• Exercise
In your copy, reproduce the entries exactly as they are, minus the images.

Captioned web image data:
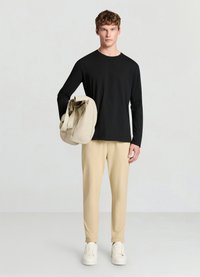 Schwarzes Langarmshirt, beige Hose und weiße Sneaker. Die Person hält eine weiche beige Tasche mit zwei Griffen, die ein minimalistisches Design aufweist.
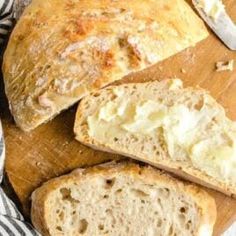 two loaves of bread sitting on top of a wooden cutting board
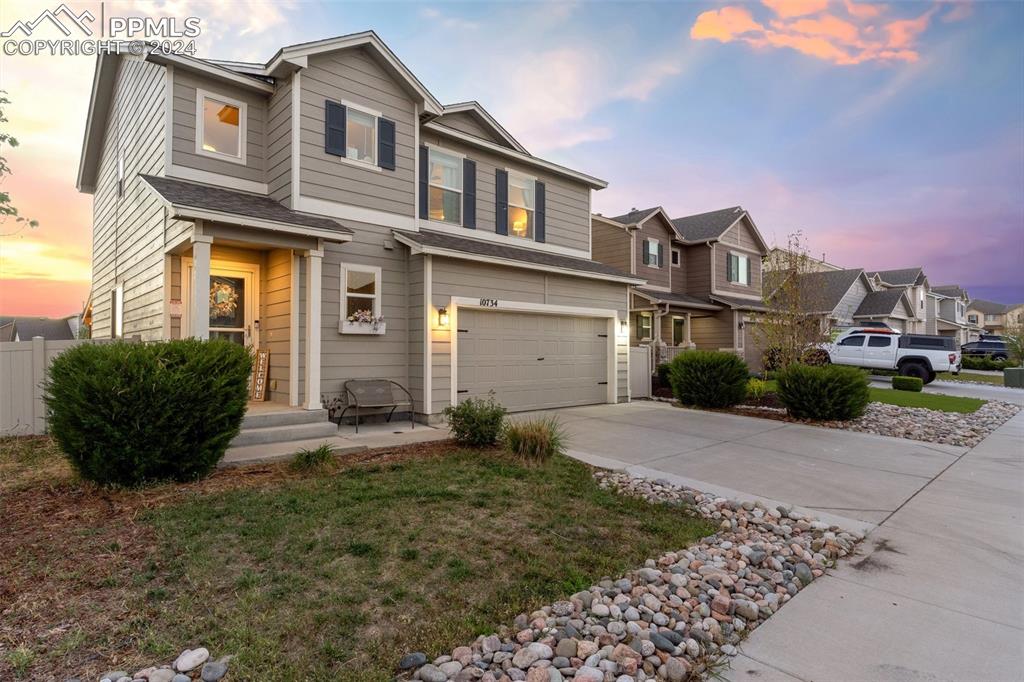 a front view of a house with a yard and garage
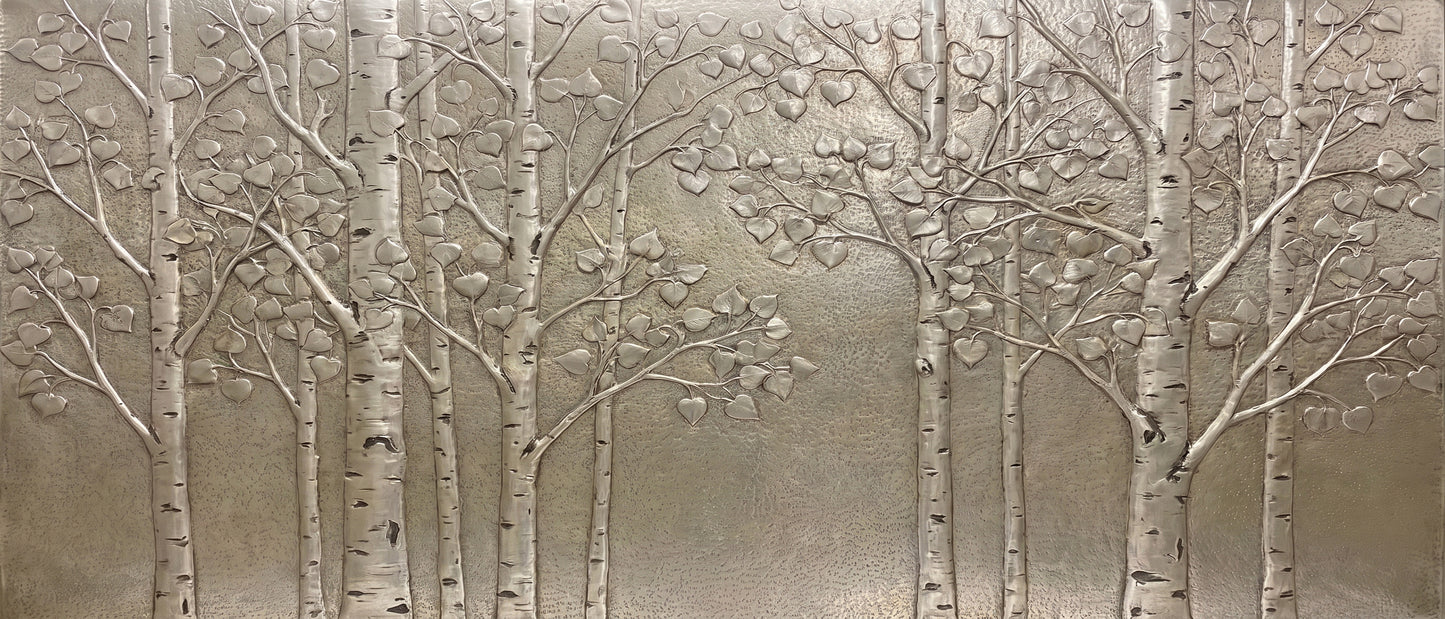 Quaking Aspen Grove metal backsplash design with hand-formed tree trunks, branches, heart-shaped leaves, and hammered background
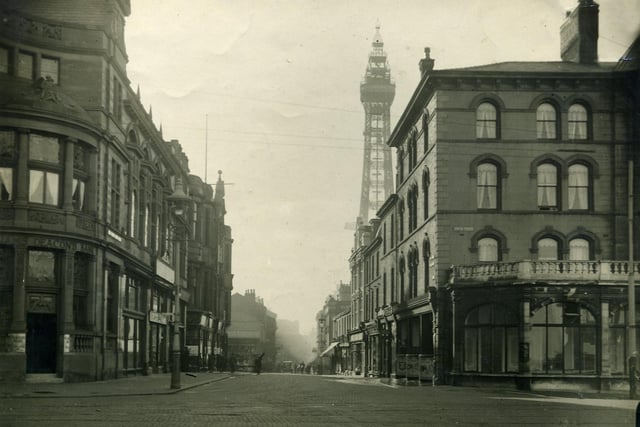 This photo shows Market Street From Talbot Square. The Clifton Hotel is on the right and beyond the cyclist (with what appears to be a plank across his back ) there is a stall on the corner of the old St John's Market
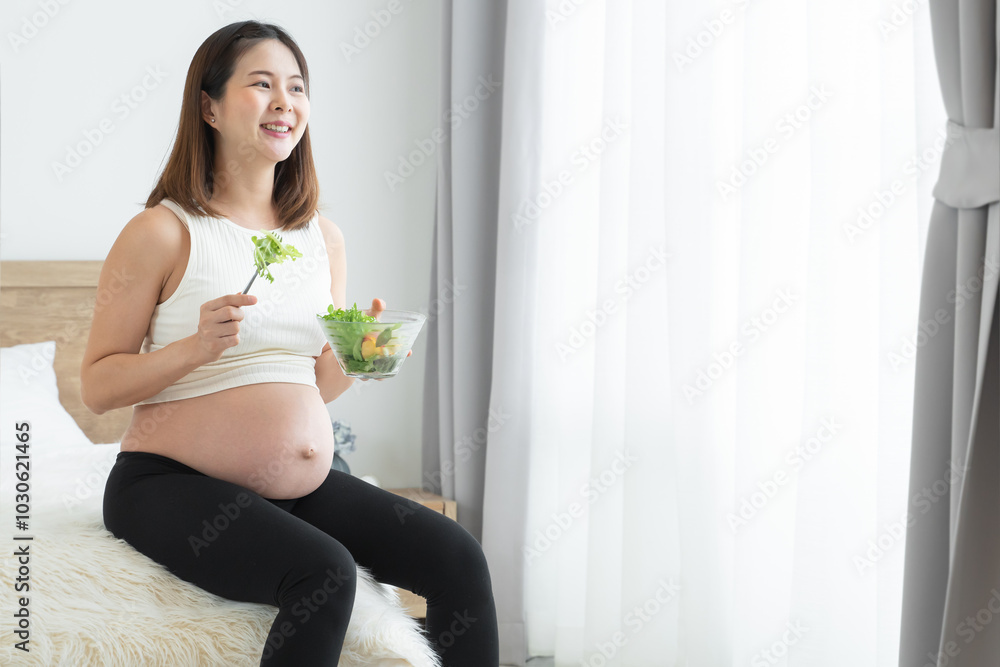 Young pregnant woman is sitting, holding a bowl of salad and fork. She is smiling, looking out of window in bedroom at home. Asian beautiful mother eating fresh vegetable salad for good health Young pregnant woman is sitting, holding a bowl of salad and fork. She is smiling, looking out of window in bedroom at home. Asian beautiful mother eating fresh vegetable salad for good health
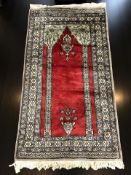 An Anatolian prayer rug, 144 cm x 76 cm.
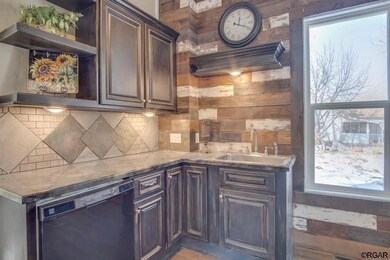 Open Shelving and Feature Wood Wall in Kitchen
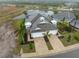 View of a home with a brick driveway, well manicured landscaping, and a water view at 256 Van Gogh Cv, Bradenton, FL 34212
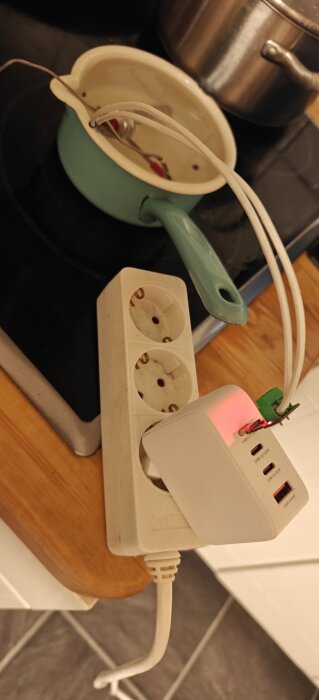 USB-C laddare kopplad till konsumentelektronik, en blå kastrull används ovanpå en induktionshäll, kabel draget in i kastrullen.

• Result for this exercise
 Schwarzes Langarmshirt, beige Hose und weiße Sneaker. Die Person hält eine weiche beige Tasche mit zwei Griffen, die ein minimalistisches Design aufweist.
 two loaves of bread sitting on top of a wooden cutting board
 a front view of a house with a yard and garage
 Quaking Aspen Grove metal backsplash design with hand-formed tree trunks, branches, heart-shaped leaves, and hammered background
 This photo shows Market Street From Talbot Square. The Clifton Hotel is on the right and beyond the cyclist (with what appears to be a plank across his back ) there is a stall on the corner of the old St John's Market
 Young pregnant woman is sitting, holding a bowl of salad and fork. She is smiling, looking out of window in bedroom at home. Asian beautiful mother eating fresh vegetable salad for good health Young pregnant woman is sitting, holding a bowl of salad and fork. She is smiling, looking out of window in bedroom at home. Asian beautiful mother eating fresh vegetable salad for good health
 An Anatolian prayer rug, 144 cm x 76 cm.
 Open Shelving and Feature Wood Wall in Kitchen
 View of a home with a brick driveway, well manicured landscaping, and a water view at 256 Van Gogh Cv, Bradenton, FL 34212
 USB-C laddare kopplad till konsumentelektronik, en blå kastrull används ovanpå en induktionshäll, kabel draget in i kastrullen.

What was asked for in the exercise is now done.